Second, the theorist may elect to remain altogether on the cogito side of the mind-body split. He may view the problem simply as a semantico-logical one, stipulating a natural law as a “syntactical rule,” a free convention for the manipulation of symbols, refusing to deal with the problems of knowledge and induction and intersubjectivity (Carnap).  Or he may adopt the operationalism of Bridgman, who is frank to admit the consequence of solipsism: “. . . it is obvious that I can never get outside myself . . . there is no such thing as a public consciousness . . . in the last analysis science is only my private science.” In this case, the antinomy is overt: a practicing scientist who reports his findings in journals and his theories in books-and who denies the possibility of a public realm of intersubjectivity. A kindred approach is a neo-Kantian one, which seeks scientific validity entirely within the forms and categories of consciousness: “The validity of the physical concept does not rest upon its content of real elements of existence, such as can be directly pointed out, but upon the strictness of connection, which makes it possible” (Cassirer).

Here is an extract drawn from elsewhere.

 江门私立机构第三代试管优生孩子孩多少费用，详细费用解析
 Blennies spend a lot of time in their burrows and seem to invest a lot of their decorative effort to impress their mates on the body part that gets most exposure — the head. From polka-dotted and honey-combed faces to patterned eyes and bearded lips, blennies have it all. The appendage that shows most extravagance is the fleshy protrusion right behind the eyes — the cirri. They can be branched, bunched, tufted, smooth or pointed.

(3) Comment. Einstein once wrote, “If you want to find out anything from the theoretical physicists about the methods they use, I advise you to stick closely to one principle: don’t listen to their words, fix your attention on their deeds.”

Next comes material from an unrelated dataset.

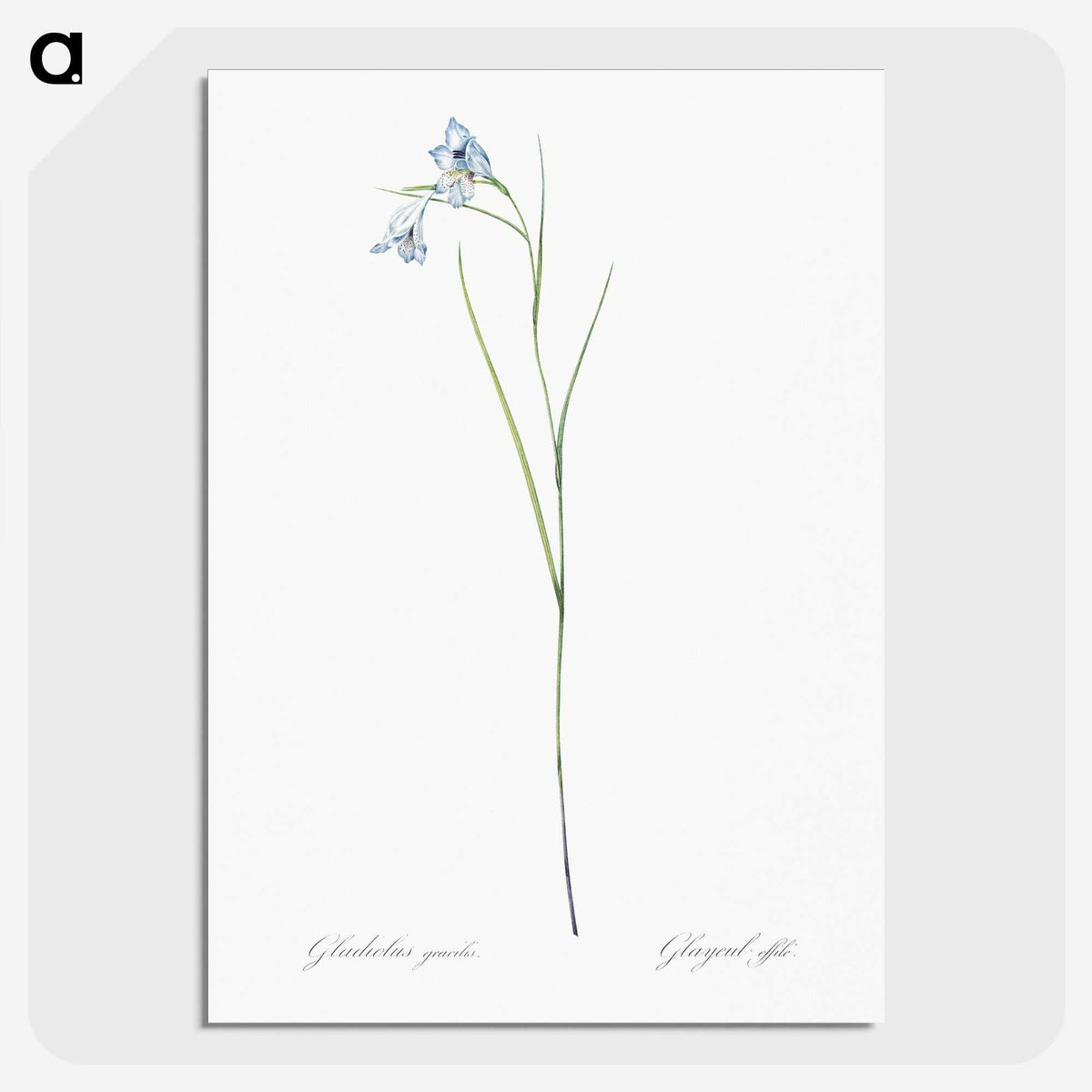1-86_The-Lilies_picture-crop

Whitehead once remarked that it was a matter for astonishment that while scientists have succeeded in learning a great deal about the world in the past two hundred years, philosophers of science seem equally determined to deny that such knowledge is possible.

Both men allude to the antinomy which the functional method of the sciences encounters when it tries to grasp itself as a phenomenon among other phenomena in the world. The antinomy has been noticed often enough but it is usually attributed to the bad faith or bad philosophizing of the theorist. It seems to be a case, however, of too much good faith rather than too little-that is, an uncritical acceptance of the scientific method of physics as a total organon of reality. The antinomy has come to pass precisely because of the faithfulness and rigor with which the theorist tries to grasp the scientific enterprise in particular, assertory activity in general, by his superb instrument, the functional method of the sciences.

The ineluctable reality upon which the scientific method founders and splits into an antinomy is nothing else than the central act of science, “sciencing,” the assertions of science. From the primitive observation to the most exact mathematical deduction, science is a tissue of assertions. It is ironical but perhaps not unfitting that science, undertaken as a total organon of reality, should break down not at the microcosmic or macrocosmic limits of the universe but in the attempt to grasp itself. Heisenberg’s uncertainty relations seem to be a material difficulty resulting from an interference of measuring instrument with particle to be measured. But the antinomy into which the scientific method falls in treating assertory behavior is a formal methodological impasse. It lies beyond the power of the functional method to grasp the scientific, the mythic, the linguistic assertion as such. It will succeed in grasping itself according to its mode-as a functional space-time linkagebut in so doing it must overlook its most important characteristic, that science is an assertory phenomenon, a real phenomenon but not a causal space-time event. Science may seek to understand itself as a social instrumentality or as an intracultural activity, and to a degree no doubt correctly so; but it must remain silent in the face of the true-or-false claim, S is P, considered as such.

Here, as in the other antinomies, it is the assertory act itself which is refractory to the scientific method. Since an assertion–mythic, linguistic, mathematical–is an immaterial act in virtue of which two elements are paired or identified, and since the scientific method requires that elements be ordered serially, according to dependent functional ratios, the two are not commensurate. The corpus of scientific knowledge ascending in a continuum from inorganic energy exchanges to organic responses is not in principle coterminous with assertory behavior. To speak of culture as an “emergent” or a “superorganic level” is only to erect a semantical bridge across the abyss, when the need is to explore the abyss, not to ignore it.

Different as are the various scientific philosophies mentioned above, they share one conviction about the subject matter of science and it is this conviction which gives rise to the antinomy. It is the antirealist and antimetaphysical dogma that there is no lawful reality to be known apart from the activity of the knower. This tenet is usually expressed in an exaggerated language: “Knowledge conceived in the fashion of an infallible grasp of final truths without the mediation of overt organic activity is not something which modem science supplies.” What should be pointed out, however, is that it is not the claim to “infallible knowledge” which gives scandal to positivist philosophers of science; it is the claim to any valid knowledge whatsoever, however modest the claim of the knower. A realist would be the first to admit, would in fact insist upon, “the mediation of overt organic activity” in the knowing act. But this is not the real point at issue. The issue is the validity of knowledge and the providing for this validity in one’s scientific world view. The difficulty is that knowledge entails assertions and assertions are beyond the grasp of the functional method.